“I reckon for a spell…but you know, Miz Lila, how it all comes and goes,” Mr. Dykstra murmured.
“I do know. And I have also told you the height of the mountains and the cold air here do your lungs no good.” She settled him against the pillows and pulled covers up to his chin like her Mama had done in another life. Oh, Mama. I did chase my dream but it wasn’t the right one. She shook her head fast, afraid she’d said the words out loud, hoped Mr. Dykstra and Bronx himself would think she was vehement, not lost in the past. “For improved health, you would be better off in a flatter land. Drier and warmer. Arizona, perhaps.”
Bronx flinched. “Good night and morning, too!” he exclaimed over the white bowl he held, but Lila suspected the outburst wasn’t the epithet he would have originally wanted. “With your face cleaned, I see we’re of an age, Clemmons. I thought you were an old man, first blush.”
For a flash, Lila wondered if the two men could be friends once her patient was back to strength and health.
Mr. Dykstra rolled his eyes. “I feel old, that’s a fact. And I ain’t that perky yet. Miz Lila, please, don’t leave me. Tonight might be my last. I don’t want to be alone.”
Three empty mattresses on the floor loomed around Clemmons Dykstra in the big bed that had once been hers and Emmett’s. Lila hedged. She’d not spent a night here at Gethsemane without Emmett. Even in death, he forbade it.
“Tonight won’t be your last, my friend.” She gulped over her promise. He did seem much improved, but she didn’t know for certain. She did know Miss Frieda had nursed during the war, wondered anew if the landlady would ever find the kindness to lend a helping hand.
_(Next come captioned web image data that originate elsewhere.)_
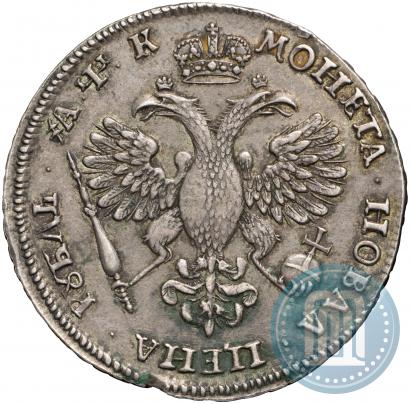 Picture 1 rouble 1720 year  "Portrait in armour"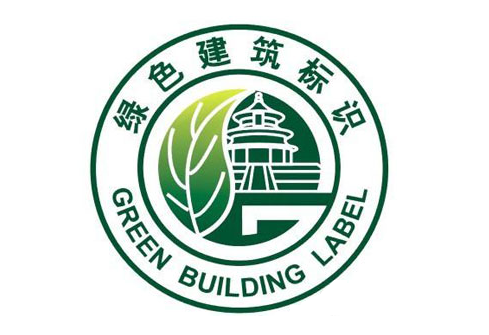 綠色建筑標(biāo)識1.png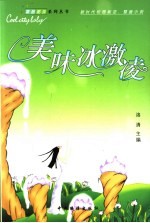 美味冰激凌 新时代校园叛逆、整蛊小说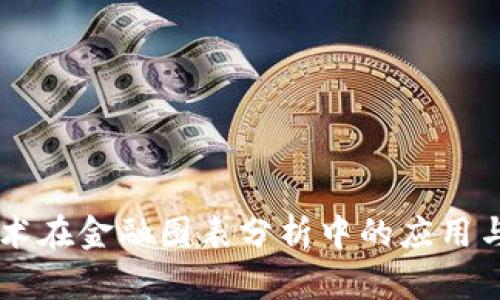 区块链技术在金融图表分析中的应用与未来展望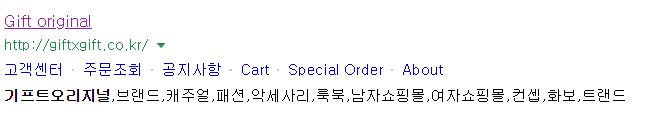  무신사 '기프트 오리지널(Gift original)' 소비자 농락...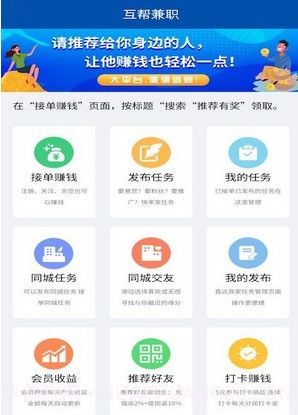 互帮兼职v1.0.18截图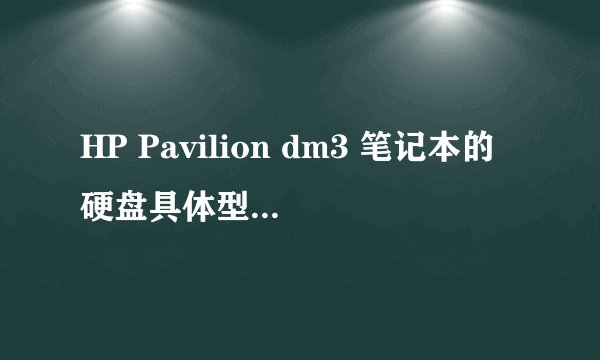 HP Pavilion dm3 笔记本的硬盘具体型号是什么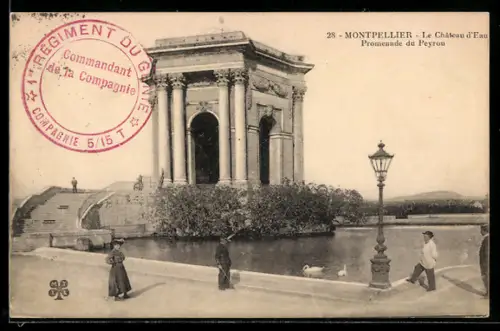 AK Montpellier, Le Château dEau Promenade du Peyrou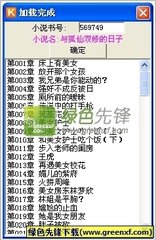 在菲律宾补办出来的中国护照能够直接使用吗？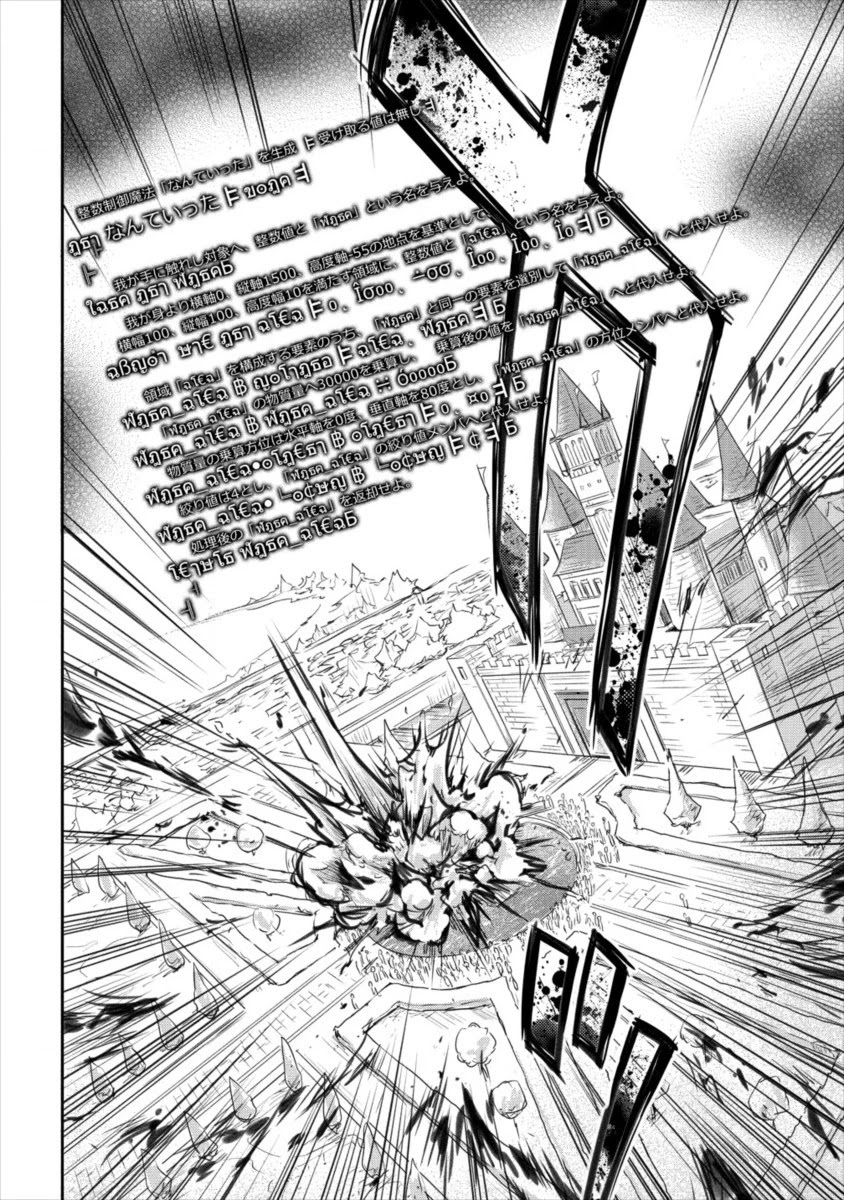 Gekokujyo Program by a Child Prodigy Sefiria Chapter 12 page 14 - Chapter 12
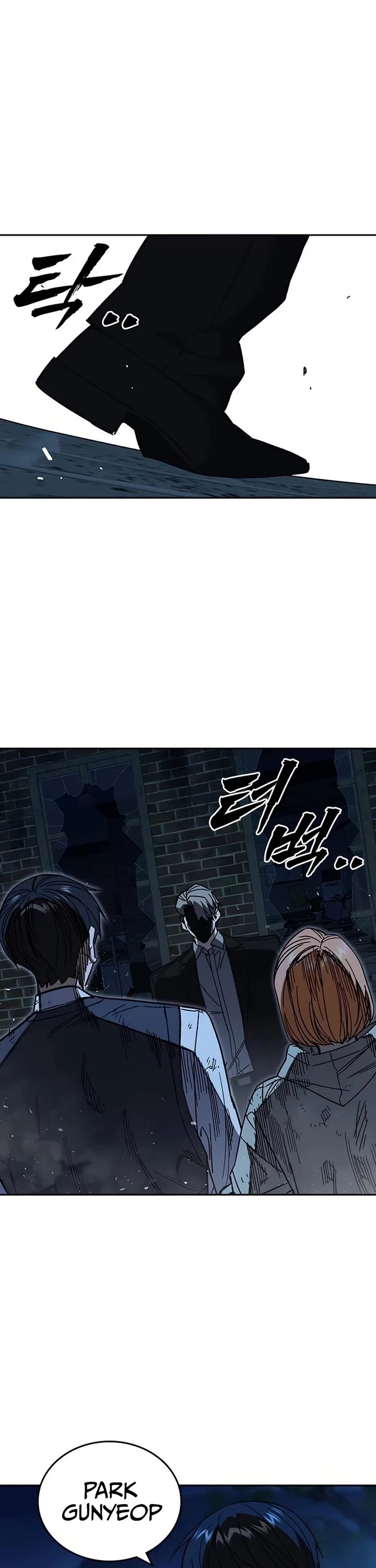 Study Group Chapter 290 - Page 25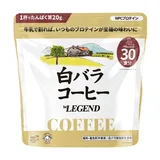 総合1位 【LINE登録で最大1000円OFF】 WPC プロテイン 白バラコーヒー風味【 30食分 600g 】 ビーレジェンド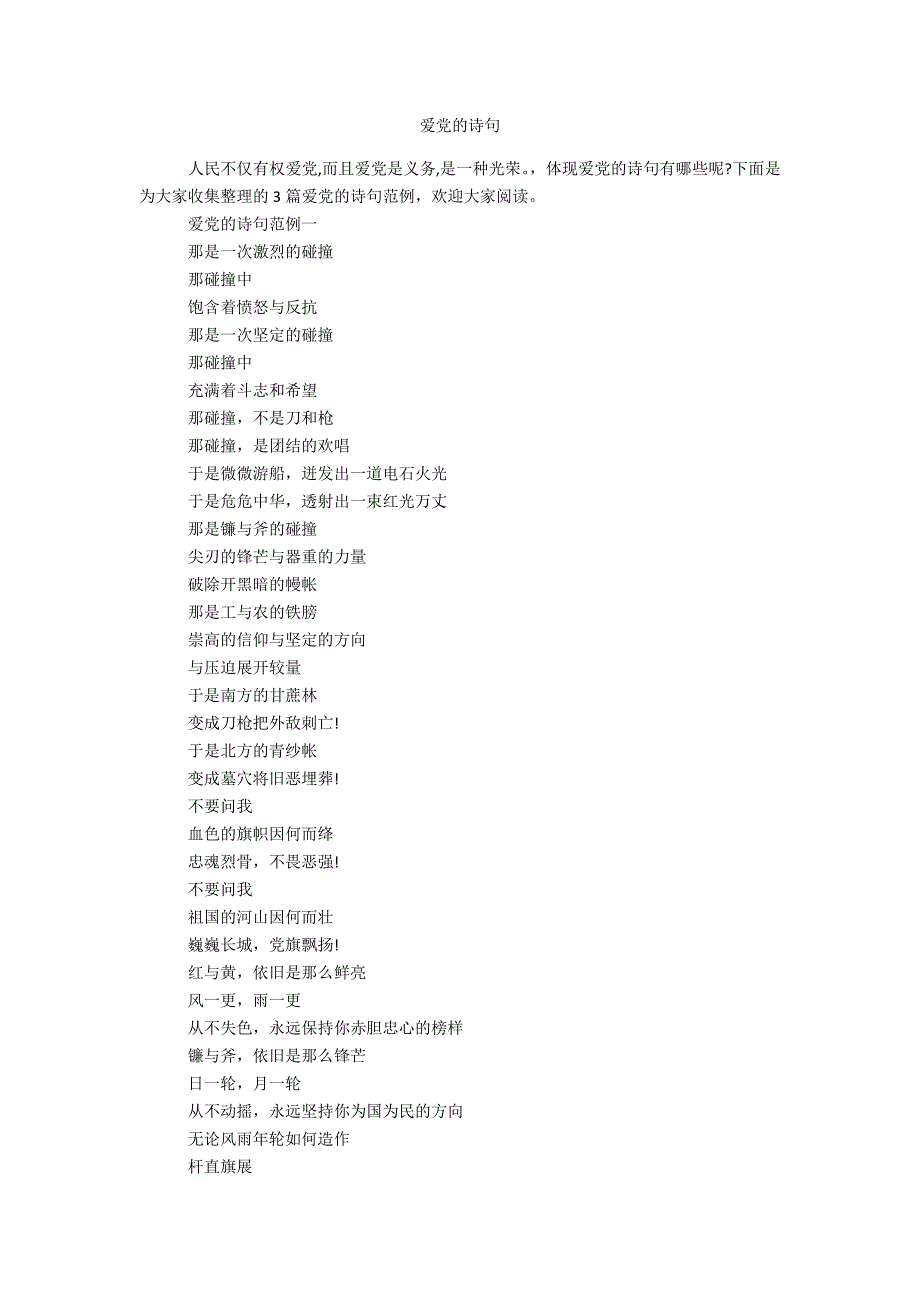 爱党的诗句_第1页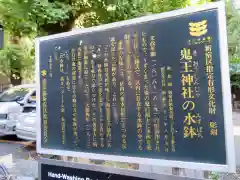 稲荷鬼王神社の歴史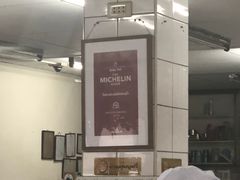 -红大哥水门鸡饭(總店)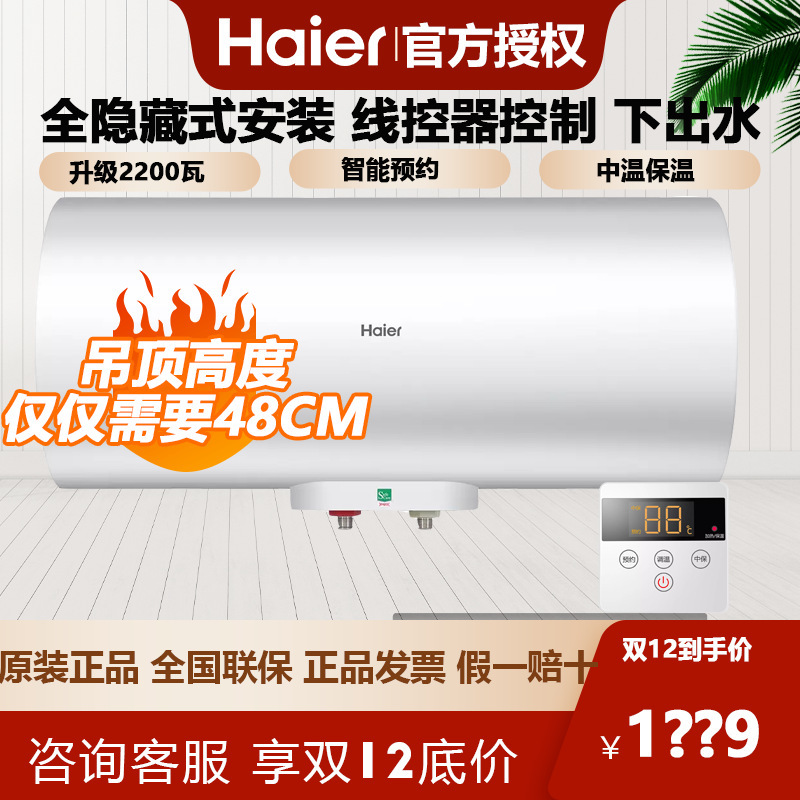 海尔线控电热水器50升下出水隐藏式嵌入式热水器暗装吊顶家用 LQ5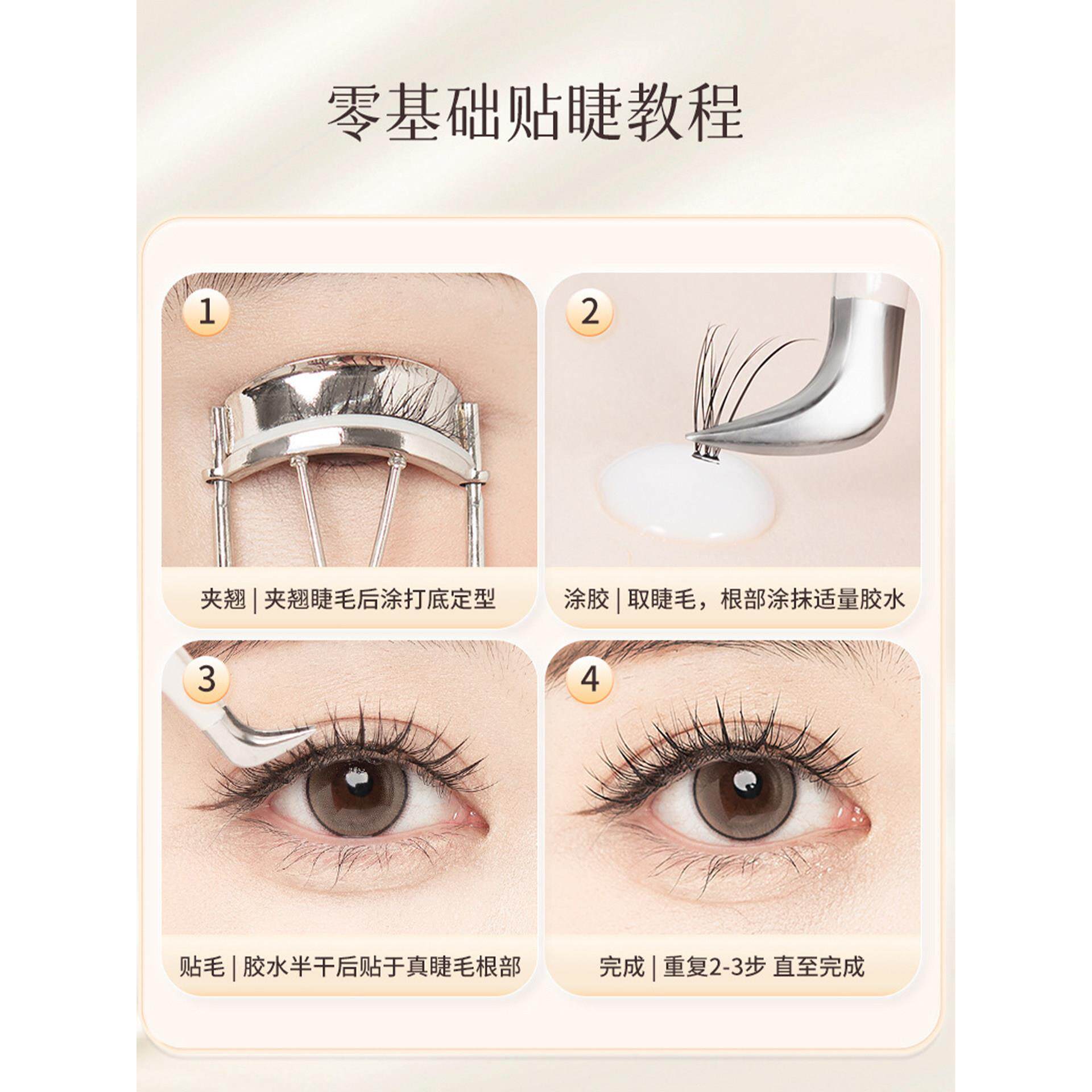日本不粘胶防粘假睫毛镊子嫁接夹子美睫师专业种接金羽专用工具新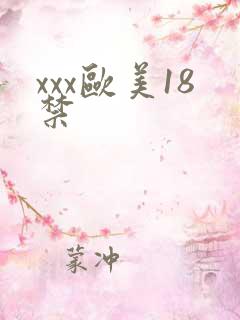 xxx欧美18禁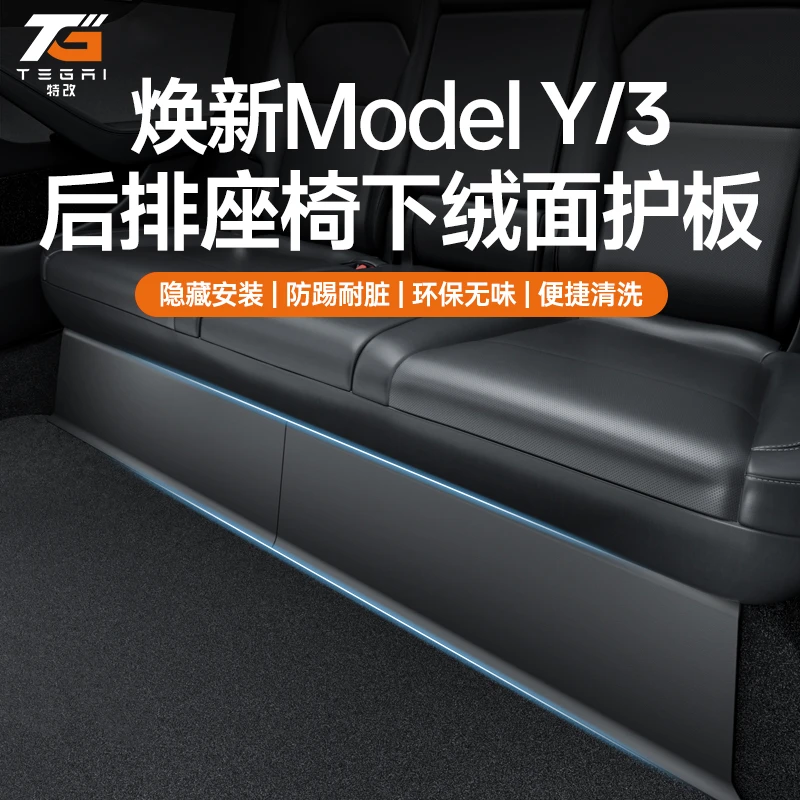 【特改】焕新版特斯拉ModelY/3后排座椅下防踢垫保护板护角改装配件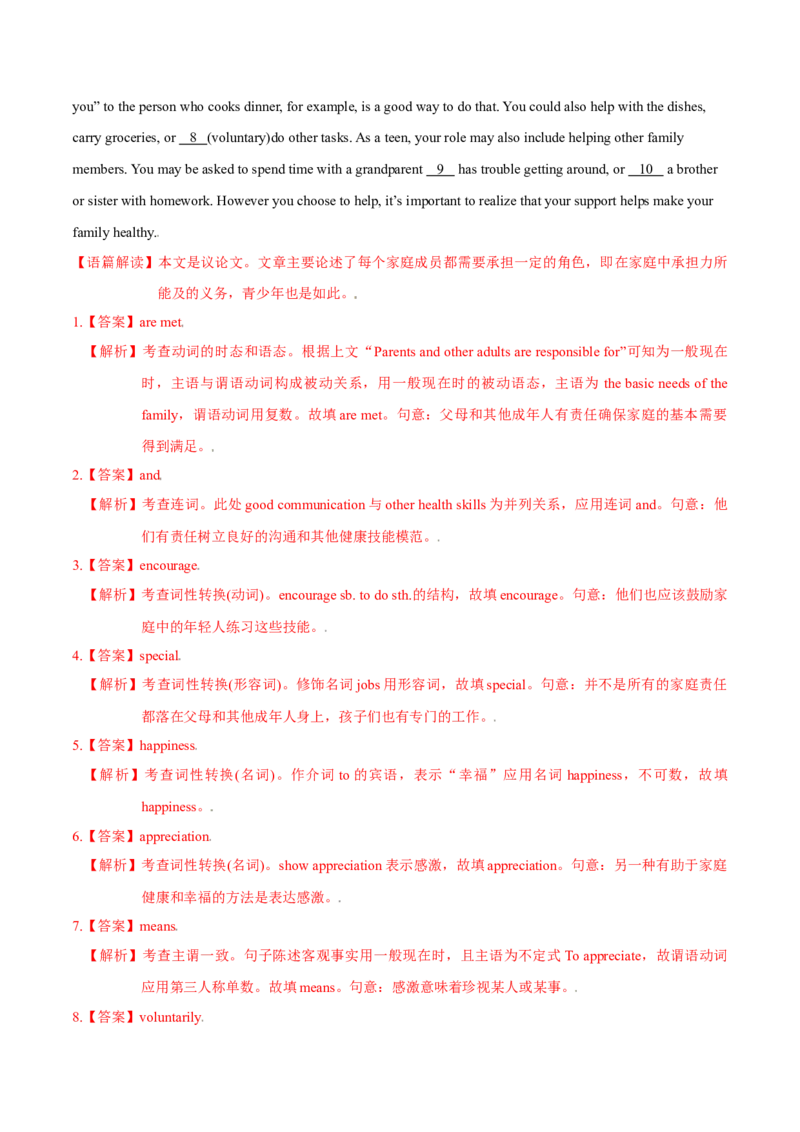 M6Unit2Whatishappinesstoyou(测)-2022年高考英语一轮复习讲练测(新高考&bull;江苏)(解析)_03高考英语_新高考复习资料_2022年新高考资料_2022年新高考英语一轮复习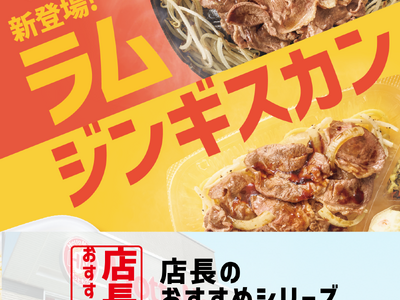 「ほっともっと」全国の店長が選んだ、『ラムジンギスカン弁当』おすすめポイント！1位『手軽にジンギスカンを味わえる』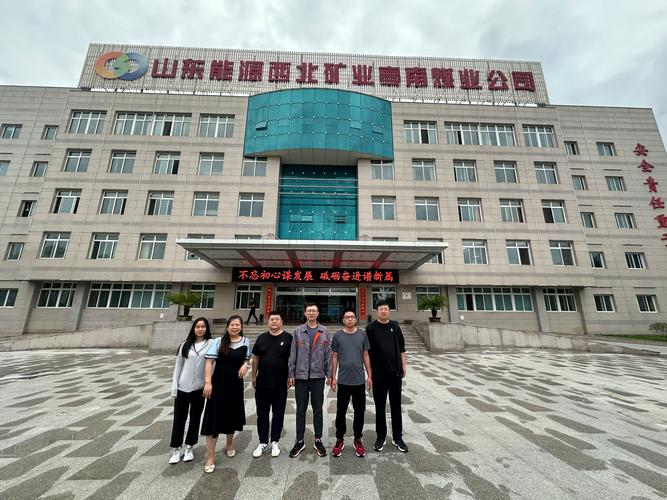 钢关资料结构安全有哪些要求_有关钢结构安全资料_钢结构安全资料有哪些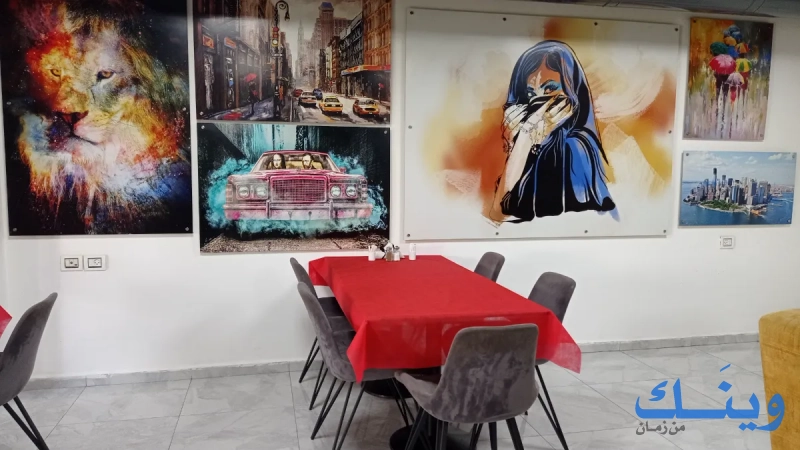 Picania restaurant and coffe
“Nope. I’ll stay. Not for an instant will Miz Lila stay here alone. This is an unrighteous part of town.” Bronx took charge and Lila let him. “I’ll stay.”
“You got no woman’s touch. I need the hands of an angel.”
At Clemmons’s complaint and soft glance, Bronx turned in surprise. Lila realized he thought Clemmons loved her, and she smiled, knowing no such thing. Even when she had known love, it had been the wrong love. A girlish loyalty, perhaps. Besides, she reckoned Clemmons had a heart for Malina.
She grabbed a smile. “Mr. Dykstra, you’re not going to die tonight. Should I think that, we will find a way to transport you to hospital. Now, get some rest.
“Please? Ma’am?”
Her heartstrings tugged with indecision. No one had thought Emmett would leave that night, either.
“We’ll have to see. Now, I need to finish serving up supper. I’ll have Malina bring you a bowl.”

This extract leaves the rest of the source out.